Consider the following input:
\么.foo
I hope that came through in this email correctly as UTF-8. The string
contains a sequence of: backslash, multibyte-character and a dot.
The documentation says:
> Backslash characters (\) can be used in the COPY data to quote data
> characters that might otherwise be taken as row or column delimiters
So I believe escaping multi-byte characters is supposed to work, and it
usually does.
However, let's consider the same string in Big5 encoding (in hex escaped
format):
\x5ca45c2e666f6f
The first byte 0x5c, is the backslash.
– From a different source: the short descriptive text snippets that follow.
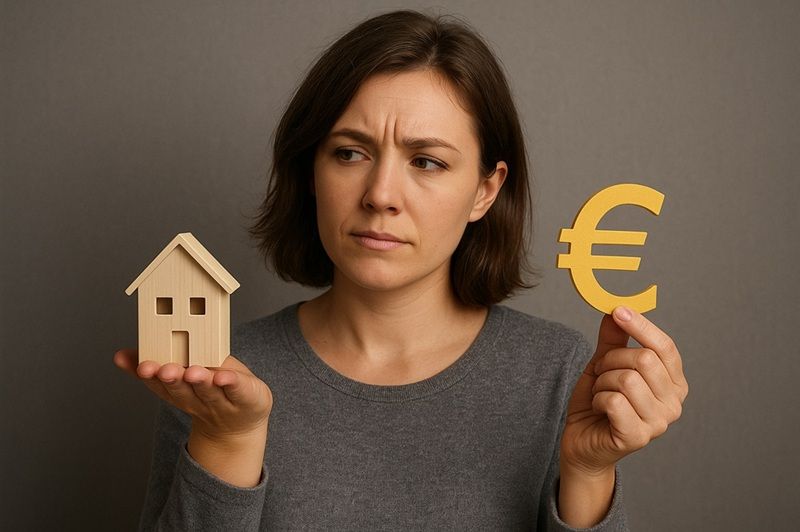 Comprar casa para alquilar o invertir en fondos para la jubilación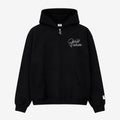 Black "Basic" Hoodie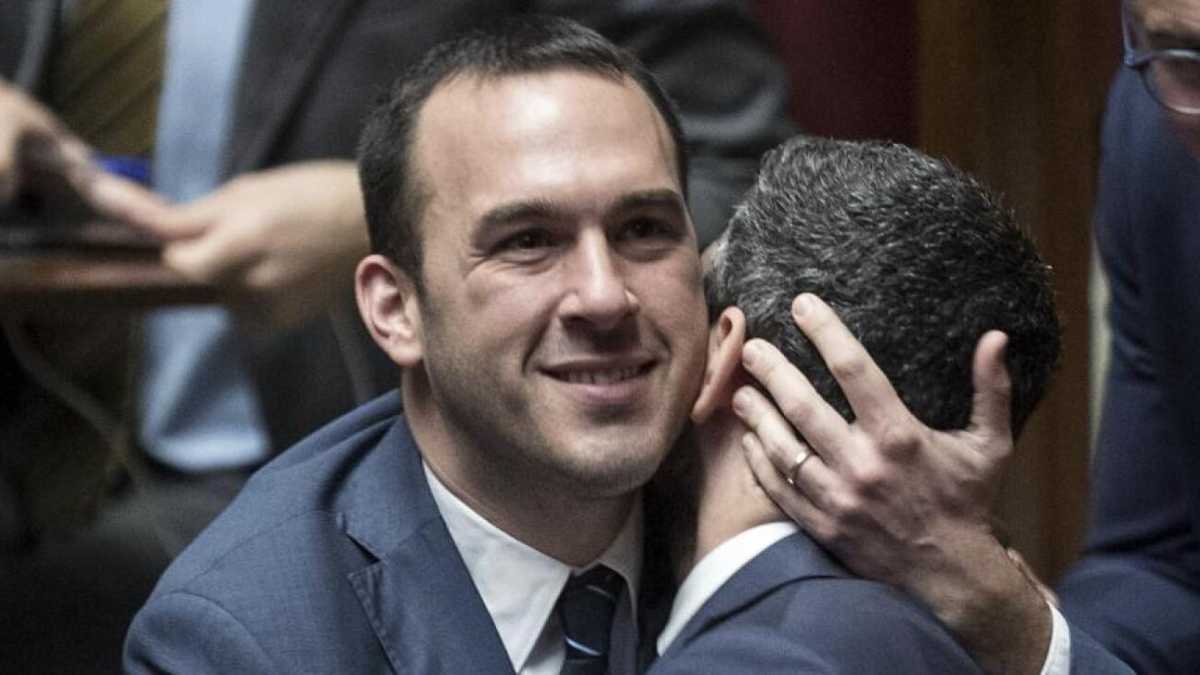 Immagine di Le chicche del sottosegretario Manlio Di Stefano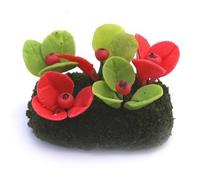 MyTinyWorld Dolls House Miniature Small DIY Flower Bed (DIY15)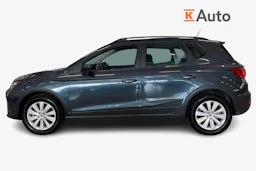 harmaa SEAT Arona 2024 kuva 5.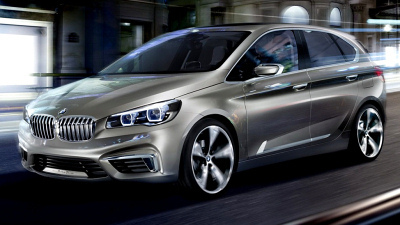 BMW Active Tourer Concept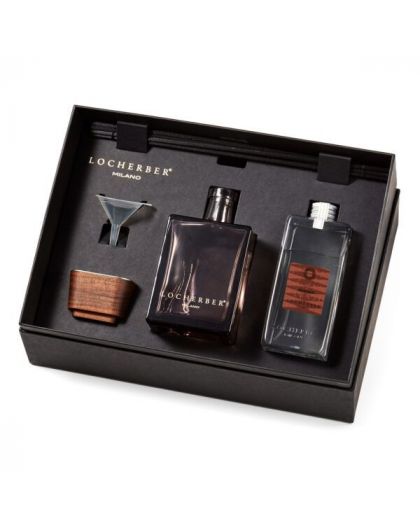 Locherber Black gift set 500 ml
The multi-byte character consists
of two bytes: 0xa4 0x5c. Note that the second byte is equal to a backslash.
That confuses the parser in CopyReadLineText, so that you get an error:
postgres=# create table copytest (t text);
CREATE TABLE
postgres=# \copy copytest from 'big5-skip-test.data' with (encoding 'big5');
ERROR: end-of-copy marker corrupt
CONTEXT: COPY copytest, line 1
What happens is that when the parser sees the backslash, it looks ahead
at the next byte, and when it's not a dot, it skips over it:
> else if (!cstate->opts.csv_mode)
>
> /*
> * If we are here, it means we found a backslash followed by
> * something other than a period. In non-CSV mode, anything
> * after a backslash is special, so we skip over that second
> * character too. If we didn't do that \\. would be
> * considered an eof-of copy, while in non-CSV mode it is a
> * literal backslash followed by a period. In CSV mode,
> * backslashes are not special, so we want to process the
> * character after the backslash just like a normal character,
> * so we don't increment in those cases.
> */
> raw_buf_ptr++;
However, in a multi-byte encoding that might "embed" ascii characters,
it should skip over the next *character*, not byte.
Attached is a pretty straightforward patch to fix that. Anyone see a
problem with this?
- Heikki